Guy Ritch’in İngiliz mafya dünyasının parodisini yaptığı “Lock, Stock and Two Smoking Barrels” ve “Snatch” filmlerindeki gibi bir hava var galiba “Kolpaçino”da da...
- Ş. Sezer: Evet, tema olarak bir benzerlik var gibi gözüküyor ama bizim öykümüz çok farklı. Zaten mafya parodilerinde konular ve durumlar hemen hemen aynı. Bir şekilde başka bir film çağrışım yaptırabilir. Biz yüzde 100 yerli malı bir mafya parodisi çekeceğiz.
- K. Ertem: Biz zaten “Kolpaçino”yu Şafak’la TRT’ye çektiğimiz bir yaz programındaki skeçlerden yola çıkarak çekmeye karar verdik. O skeçlerde Özgür diye çok matrak bir karakter ortaya çıkarmıştık. “Kolpaçino” da zaten Özgür’ün maceralarını izleyeceksiniz.
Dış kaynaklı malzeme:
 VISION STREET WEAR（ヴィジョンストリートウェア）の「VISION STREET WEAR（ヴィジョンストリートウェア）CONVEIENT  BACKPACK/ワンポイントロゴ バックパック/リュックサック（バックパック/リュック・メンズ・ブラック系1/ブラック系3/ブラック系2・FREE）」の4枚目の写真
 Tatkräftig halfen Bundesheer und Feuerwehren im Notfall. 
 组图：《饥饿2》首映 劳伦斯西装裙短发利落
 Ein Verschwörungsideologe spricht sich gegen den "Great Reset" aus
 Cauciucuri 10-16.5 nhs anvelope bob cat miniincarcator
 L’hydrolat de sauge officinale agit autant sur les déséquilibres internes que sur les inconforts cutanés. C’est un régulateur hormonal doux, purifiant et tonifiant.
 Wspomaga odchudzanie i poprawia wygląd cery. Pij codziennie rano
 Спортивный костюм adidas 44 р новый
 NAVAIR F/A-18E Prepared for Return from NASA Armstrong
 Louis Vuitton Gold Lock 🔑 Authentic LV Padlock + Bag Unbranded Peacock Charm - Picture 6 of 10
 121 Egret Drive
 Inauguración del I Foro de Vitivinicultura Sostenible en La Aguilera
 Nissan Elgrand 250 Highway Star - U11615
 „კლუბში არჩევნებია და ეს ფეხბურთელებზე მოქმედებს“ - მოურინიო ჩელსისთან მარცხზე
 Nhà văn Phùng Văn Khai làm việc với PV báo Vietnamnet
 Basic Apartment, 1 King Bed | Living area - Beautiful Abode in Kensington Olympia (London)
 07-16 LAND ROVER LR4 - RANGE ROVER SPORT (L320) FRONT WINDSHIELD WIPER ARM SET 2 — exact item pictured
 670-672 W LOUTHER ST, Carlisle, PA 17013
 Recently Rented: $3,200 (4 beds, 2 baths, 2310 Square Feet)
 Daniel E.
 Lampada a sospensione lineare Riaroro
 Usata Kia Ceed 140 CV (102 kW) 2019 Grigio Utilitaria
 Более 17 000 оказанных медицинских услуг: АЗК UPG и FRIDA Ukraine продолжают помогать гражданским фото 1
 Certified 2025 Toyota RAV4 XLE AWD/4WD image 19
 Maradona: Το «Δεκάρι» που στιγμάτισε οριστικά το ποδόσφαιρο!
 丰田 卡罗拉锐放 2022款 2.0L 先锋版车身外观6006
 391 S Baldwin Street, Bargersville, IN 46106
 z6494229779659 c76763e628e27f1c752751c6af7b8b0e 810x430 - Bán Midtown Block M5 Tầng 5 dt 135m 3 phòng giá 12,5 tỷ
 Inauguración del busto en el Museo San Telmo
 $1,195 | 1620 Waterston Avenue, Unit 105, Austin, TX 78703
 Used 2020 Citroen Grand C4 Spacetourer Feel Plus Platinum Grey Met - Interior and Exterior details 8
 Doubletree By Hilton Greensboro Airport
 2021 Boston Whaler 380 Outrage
- S. Özkan: Şunu özellikle belirtmek istiyorum: Bir buçuk senedir bu öyküyle yaşıyoruz. Benim aklıma bir şey gelir gecenin ikisinde Şafak’ı ararım, o da aynı şekilde beni arar. “Kolpaçino”nun senaryosunu biz işte böyle yavaş yavaş, yaşayarak yazdık.
- Ş. Sezer: Eğer telefonlarımız dinleniyorsa içeri alınmamamız çok enteresan. Çünkü gecenin 2’sinde arıyoruz birbirimizi “Abi cesetleri ne yapacağız?”, “Gömelim abi, öyle daha iyi olur” falan diyoruz o anda da TV’de Erkegenekon’un kazı görüntüleri ekrana geliyor.
Peki bu filmi kim çekecek?
- Ş. Sezer: Biz Avşar Film ile anlaştık. “Kolpaçino” ve “ItMan”i Avşar Film ile birlikte çekeceğiz. Yönetmen olarak birkaç isim var aslında ama görüşmeler hâlâ devam ediyor. Yönetmen çok önemli. Anlaşabileceğimiz bir isim olsun istiyoruz. Kafandaki filmi çekmek için kendin yönetmen koltuğuna oturamıyorsun. Çünkü yönetmenlik tecrüben yok ve kimse sana 1.5-2 milyon dolar verip “Hadi filmi çek” demez.
Yani siz yönlendirebileceğiniz bir yönetmen arıyorsunuz.
- Ş. Sezer: Evet, biraz öyle ama sonuçta filmi yönetmen çeker, kimse ona karışamaz. Bizim tek bir isteğimiz var kafamızdaki filmin çekilmesi. Yani anlaşmak, aynı dili konuşmak istiyoruz.
Aslında Cem Yılmaz ve Yılmaz Erdoğan tam sizin istediğiniz tarzda çalışıyorlar. Yanlarına genç bir yönetmen alıyorlar ve istedikleri filmi çekiyorlar.
- Ş. Sezer: Evet, Cem ve Yılmaz abinin kazandığı en güzel nokta da bu verdiğin örnek aslında. Çünkü istedikleri her şeyi perdeye taşıyabiliyorlar. Ancak bende öyle bir durum yok. Ben hep akıl danışırım. Tahminime göre benden sağlam bir yönetmen olmaz. ? Filmin çekimleri ne zaman başlıyor?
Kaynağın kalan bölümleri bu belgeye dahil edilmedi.